Kitabı düz tutup okuduğumuzda komünist kadın hareketinin ürettiği değerleri ve o değerlerin bugünkü yaşamımıza yansımasını görüyoruz. O nicelerden biri de Aysun Bozdoğan’dı. Onun gözlerine bakarak genç bir kadının yaşamak için bedenini ölüme yatırışını, cüretini ve yaşama tutunmasını paylaştık. Kadınca duygularımızla yoldaşımıza, kadın mücadelesine ay ışığını veren Baharımız'a yeniden merhaba dedik.

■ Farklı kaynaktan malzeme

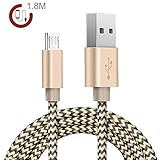 Zeuste 1.8m Premium Micro USB Nylon Kabel High Speed USB 2.0...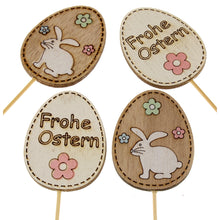 Lade das Bild in den Galerie-Viewer, 4er Set Holzstecker Ostern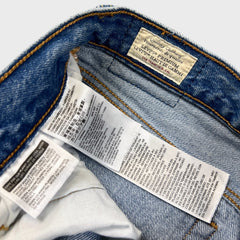 Levi's 501 Jeans Womens 28x32 Blue Original Fit Straight Distressed Medium Wash Denim Pants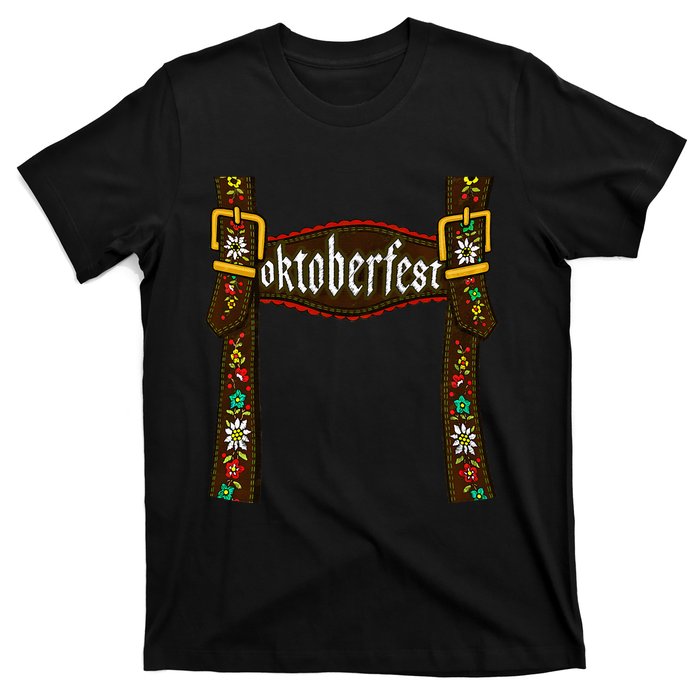 Oktoberfest Lederhosen Costume Cute German Bavarian T-Shirt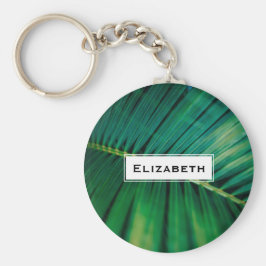 グリーンリーフ熱帯林自然写真 キーホルダー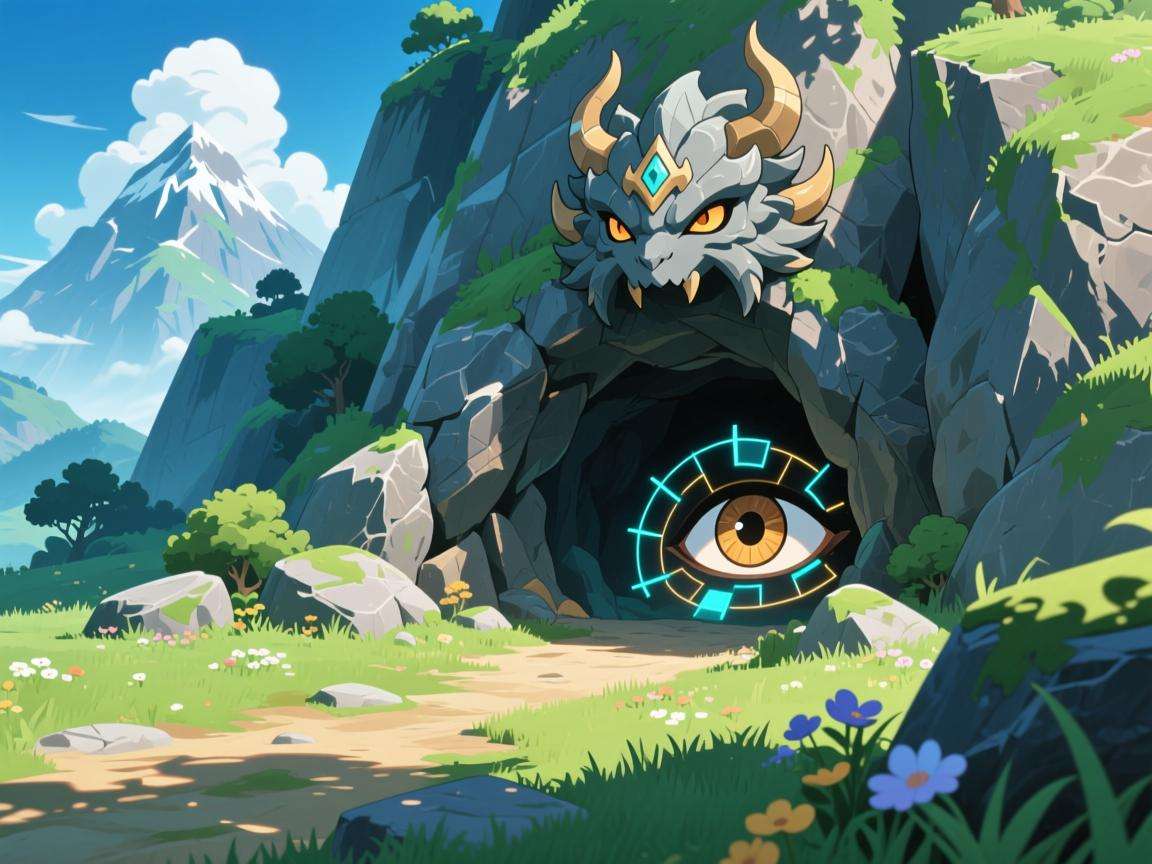 原神天恒山附近岩神瞳位置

Yitirdiğimiz, uğurladığımız kadınlar bir değil, beş değil, beş bin değil. Binlerce milyonlarca kadın kendilerine dayatılan yaşamı, baskıyı kabul etmeyip ‘hayır’ dediği için öldürüldü. Bu hayır kadının ilk isyan kuşağını kuşanmasıyla başladı. Cadı olarak yakıldığında da vazgeçmedi. Devrimlerde öne geçmesini hissettiğinde öne geçmekten çekinmedi. Fransız Devrimi’nde, Paris Komünü’nde, Sovyet Devrimi’nde, Küba Devrimi’nde, Vietnam’da, Nikaragua’da, Ekvador’da, Kürdistan’da ve Türkiye’de…

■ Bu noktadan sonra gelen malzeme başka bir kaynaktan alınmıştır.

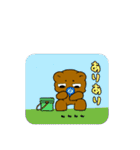くまちゃんとひつじくん〜日常会話〜（個別スタンプ：32）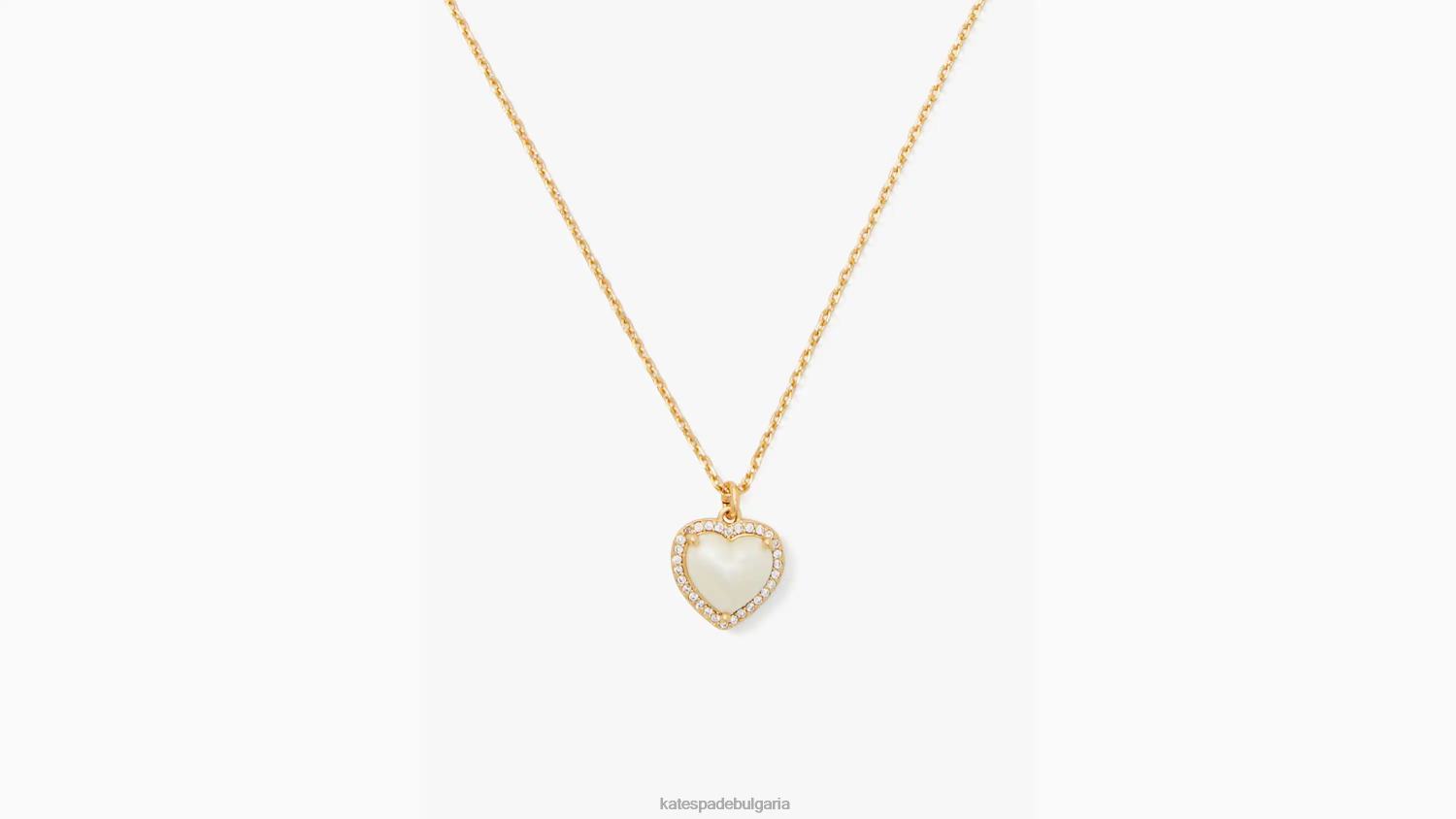 аксесоари Kate Spade my love pave сърце висулка крем/злато Жени 2N00B1158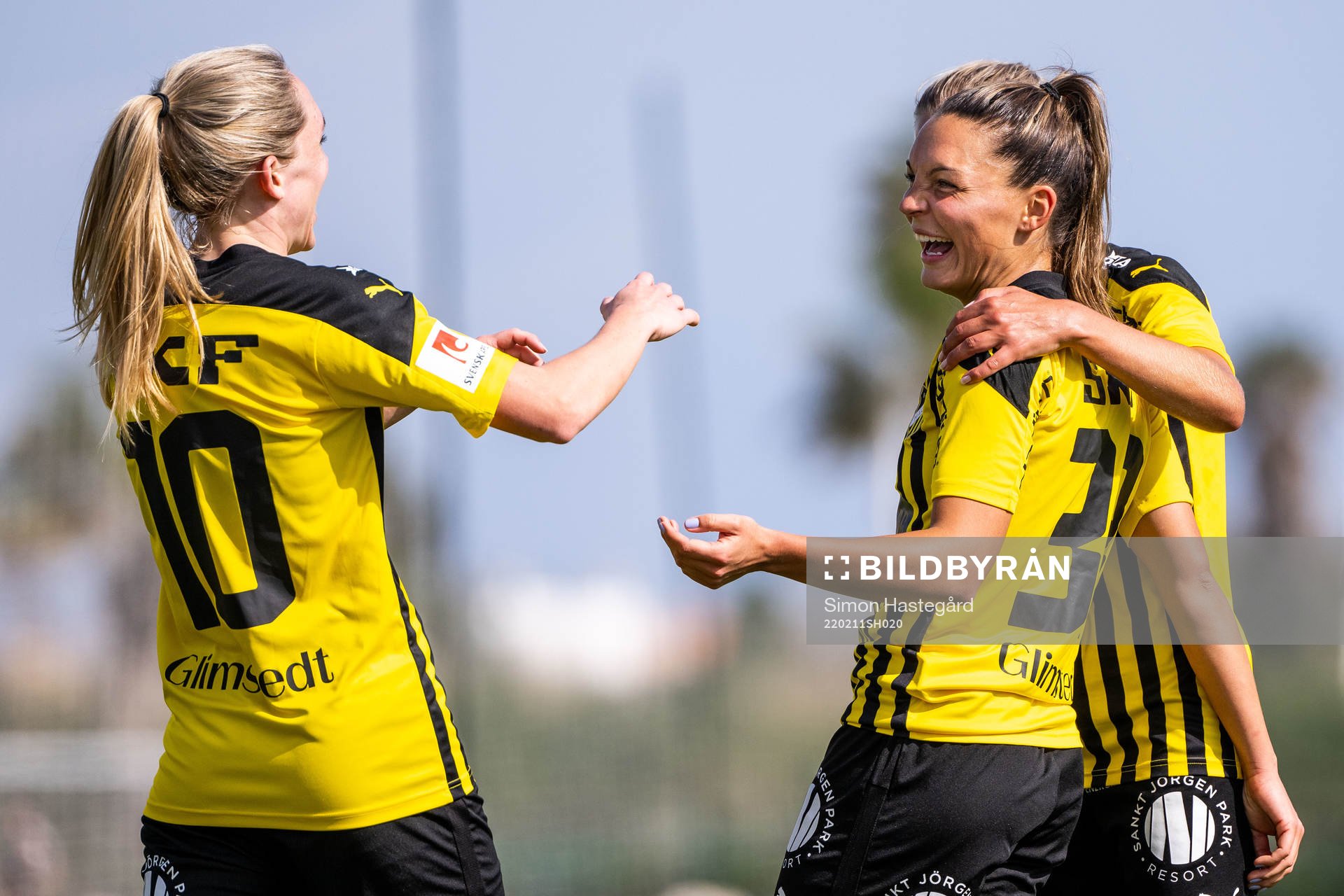 Johanna Rytting Kaneryd and Elin Rubensson of Häcken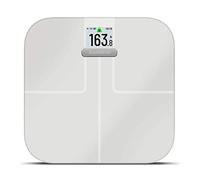 Garmin Índice S2, báscula inteligente con conectividad inalámbrica, medición de grasa corporal, músculo, masa ósea, agua corporal y más, color blanco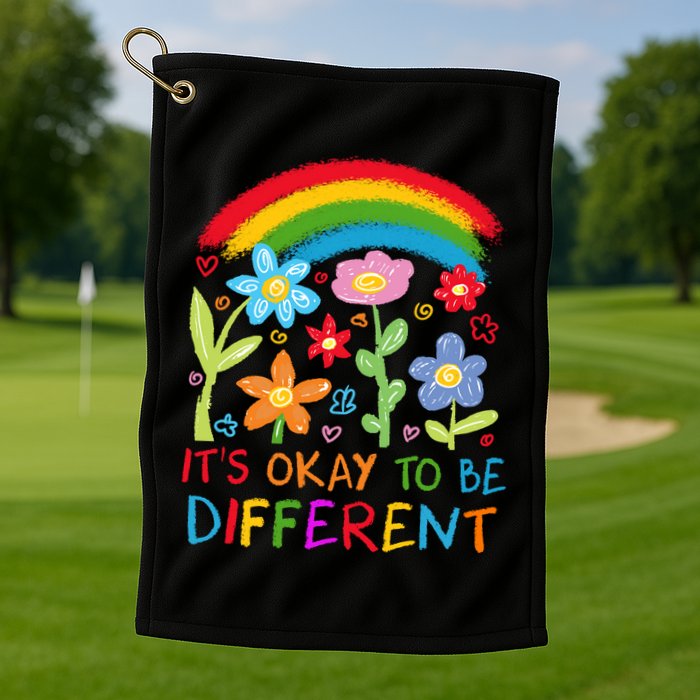 Autism Awareness ItS Ok To Be Different Golf Towel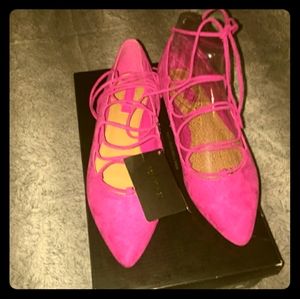 Forever21 fushia flats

Öne geçmekten, mücadeleyi daha yukarı taşımaktan başka çaremiz yok!
Biz Dünyaya Başkaldıran Kadınlar geçirdiğimiz bir haftalık kadın kampımızla ütopya denilecek bir yaşamın küçük bir kısmını hayata geçirdik. Teoriyle donandık, paylaşımla, pratikle güçlendik. Öfkemizi giyindik, isyanımızı kuşandık! Tarih bahseder mi? Bilemeyiz, ama bu kadınlar mücadeleye çok şey katacaklar.
Ana Tanrıça’dan bu yana erkekler bize 5000 yıllık borcunuz var; bunu hep hatırlatacağız!